Waste and sanitation management everywhere in the world including Ghana is capital intensive. Not even in developed countries where its management is driven by hi-tech, aside having proper disposal sites and being able to maintain them.
This notwithstanding, when there is the will and sincere show of commitment by all citizens including faith groups and civil society organizations (CSOs), waste management in densely populated areas could culminate into wealth creation through the generation of natural gas for domestic use and organic manure for the fertilization of farmlands that would benefit a whole lot of people, and perhaps generations to come.

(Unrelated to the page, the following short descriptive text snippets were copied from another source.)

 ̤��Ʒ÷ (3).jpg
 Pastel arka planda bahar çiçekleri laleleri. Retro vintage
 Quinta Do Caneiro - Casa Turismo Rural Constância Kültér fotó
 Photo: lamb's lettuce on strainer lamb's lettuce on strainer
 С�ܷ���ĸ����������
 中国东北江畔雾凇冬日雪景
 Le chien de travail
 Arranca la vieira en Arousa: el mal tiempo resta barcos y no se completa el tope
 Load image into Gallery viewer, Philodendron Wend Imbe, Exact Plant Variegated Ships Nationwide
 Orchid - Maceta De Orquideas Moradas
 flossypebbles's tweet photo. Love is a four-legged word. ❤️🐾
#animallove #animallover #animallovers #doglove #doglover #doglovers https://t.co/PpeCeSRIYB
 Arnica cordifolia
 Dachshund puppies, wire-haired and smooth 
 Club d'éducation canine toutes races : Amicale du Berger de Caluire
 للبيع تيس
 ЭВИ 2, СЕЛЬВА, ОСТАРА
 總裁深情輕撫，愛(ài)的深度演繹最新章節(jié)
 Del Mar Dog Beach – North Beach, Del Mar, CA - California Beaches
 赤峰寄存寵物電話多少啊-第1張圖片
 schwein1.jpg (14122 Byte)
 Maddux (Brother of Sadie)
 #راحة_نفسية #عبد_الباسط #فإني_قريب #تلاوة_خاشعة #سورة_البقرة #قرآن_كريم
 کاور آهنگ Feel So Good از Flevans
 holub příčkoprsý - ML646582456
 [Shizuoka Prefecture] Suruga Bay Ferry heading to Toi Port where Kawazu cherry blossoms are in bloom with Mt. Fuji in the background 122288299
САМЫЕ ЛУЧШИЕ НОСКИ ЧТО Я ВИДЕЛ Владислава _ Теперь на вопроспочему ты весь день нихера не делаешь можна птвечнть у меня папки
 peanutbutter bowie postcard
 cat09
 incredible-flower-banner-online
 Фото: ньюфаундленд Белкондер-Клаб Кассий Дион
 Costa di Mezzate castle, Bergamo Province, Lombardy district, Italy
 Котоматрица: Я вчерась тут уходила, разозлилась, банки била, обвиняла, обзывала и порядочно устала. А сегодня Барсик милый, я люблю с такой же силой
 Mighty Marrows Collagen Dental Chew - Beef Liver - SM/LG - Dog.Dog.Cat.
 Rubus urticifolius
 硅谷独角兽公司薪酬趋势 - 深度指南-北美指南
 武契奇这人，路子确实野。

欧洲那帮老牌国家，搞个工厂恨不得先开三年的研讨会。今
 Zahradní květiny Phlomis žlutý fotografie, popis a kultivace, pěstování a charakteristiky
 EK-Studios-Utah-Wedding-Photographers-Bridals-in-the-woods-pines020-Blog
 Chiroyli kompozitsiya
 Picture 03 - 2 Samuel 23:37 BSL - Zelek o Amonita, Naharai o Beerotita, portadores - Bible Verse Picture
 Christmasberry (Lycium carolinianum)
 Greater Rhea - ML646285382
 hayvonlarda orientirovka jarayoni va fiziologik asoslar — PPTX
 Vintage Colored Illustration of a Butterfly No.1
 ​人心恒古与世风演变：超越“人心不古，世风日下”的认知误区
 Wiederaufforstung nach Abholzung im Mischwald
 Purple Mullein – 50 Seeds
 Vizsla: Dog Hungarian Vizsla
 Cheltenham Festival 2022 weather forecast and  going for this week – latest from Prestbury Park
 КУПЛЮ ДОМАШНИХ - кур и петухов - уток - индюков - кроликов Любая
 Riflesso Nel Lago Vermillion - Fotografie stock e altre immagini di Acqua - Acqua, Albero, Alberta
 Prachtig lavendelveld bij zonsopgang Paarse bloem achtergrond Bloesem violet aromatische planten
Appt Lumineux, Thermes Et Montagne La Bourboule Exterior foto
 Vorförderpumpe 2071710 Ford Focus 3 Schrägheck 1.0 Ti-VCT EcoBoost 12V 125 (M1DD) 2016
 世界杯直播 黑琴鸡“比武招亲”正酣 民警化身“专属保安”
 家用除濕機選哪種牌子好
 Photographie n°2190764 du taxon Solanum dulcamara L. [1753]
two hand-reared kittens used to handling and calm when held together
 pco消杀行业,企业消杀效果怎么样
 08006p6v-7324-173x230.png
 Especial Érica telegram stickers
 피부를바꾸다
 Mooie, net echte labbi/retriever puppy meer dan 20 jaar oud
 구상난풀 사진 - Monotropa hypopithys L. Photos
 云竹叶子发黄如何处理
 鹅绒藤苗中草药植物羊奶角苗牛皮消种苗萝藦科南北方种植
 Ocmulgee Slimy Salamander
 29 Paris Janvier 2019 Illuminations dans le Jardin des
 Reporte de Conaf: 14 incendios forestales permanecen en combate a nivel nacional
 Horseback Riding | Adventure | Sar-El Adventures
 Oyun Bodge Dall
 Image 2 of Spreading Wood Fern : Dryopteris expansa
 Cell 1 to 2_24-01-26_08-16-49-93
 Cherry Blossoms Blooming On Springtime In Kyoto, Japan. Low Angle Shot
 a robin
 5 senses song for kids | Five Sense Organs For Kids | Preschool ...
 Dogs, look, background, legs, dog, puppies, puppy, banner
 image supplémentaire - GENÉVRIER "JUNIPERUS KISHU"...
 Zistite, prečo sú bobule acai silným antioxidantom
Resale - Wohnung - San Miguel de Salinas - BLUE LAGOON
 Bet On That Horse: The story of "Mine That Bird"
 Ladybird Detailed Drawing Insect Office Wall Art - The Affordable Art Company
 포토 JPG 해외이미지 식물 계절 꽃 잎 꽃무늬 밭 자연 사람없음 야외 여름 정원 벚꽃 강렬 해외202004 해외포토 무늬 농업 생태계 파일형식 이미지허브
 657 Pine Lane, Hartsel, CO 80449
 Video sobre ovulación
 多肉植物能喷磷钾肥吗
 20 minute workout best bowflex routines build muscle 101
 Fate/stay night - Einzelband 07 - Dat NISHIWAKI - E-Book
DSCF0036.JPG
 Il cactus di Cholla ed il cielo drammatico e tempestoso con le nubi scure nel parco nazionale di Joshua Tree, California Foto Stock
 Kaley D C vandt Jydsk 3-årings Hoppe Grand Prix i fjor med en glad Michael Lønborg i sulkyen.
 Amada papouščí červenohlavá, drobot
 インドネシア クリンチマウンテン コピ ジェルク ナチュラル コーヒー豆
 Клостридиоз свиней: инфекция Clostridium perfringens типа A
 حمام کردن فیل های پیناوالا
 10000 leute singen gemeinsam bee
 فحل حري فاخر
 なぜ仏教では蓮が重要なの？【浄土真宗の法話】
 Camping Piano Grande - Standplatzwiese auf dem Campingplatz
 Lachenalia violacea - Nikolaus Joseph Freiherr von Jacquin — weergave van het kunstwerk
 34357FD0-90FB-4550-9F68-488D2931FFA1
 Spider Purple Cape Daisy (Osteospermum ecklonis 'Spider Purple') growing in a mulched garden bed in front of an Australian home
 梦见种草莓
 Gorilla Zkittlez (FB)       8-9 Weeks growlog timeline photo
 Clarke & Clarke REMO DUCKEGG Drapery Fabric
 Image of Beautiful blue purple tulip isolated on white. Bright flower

Indeed, this could best be described as one of the best or surest means of fighting climate change and desertification which result from overdependence on wood for fuel, indiscriminate felling of trees, bad farming practices, charcoal production, among others.
Unfortunately in Ghana, one of the most promising nations in Sub-Sahara Africa, weak waste and sanitation management laws are not helping the situation. This, coupled with the laid-back attitude of faith-based groups and CSOs in providing support, is further bloating annual government expenditure under the nose of political leadership who also seem not to be taking the right decisions to deal with the gargantuan sanitation and waste problems. This has made it difficult if not impossible, for the nation’s leadership to meet certain critical development needs the ordinary citizens are yearning for.
It cost the government of Ghana about US$290 million or GH¢420 million representing 1.6 percent of Gross Domestic Product each year due to poor sanitation, according to a study by the World Bank's Water and Sanitation Programme (WSP).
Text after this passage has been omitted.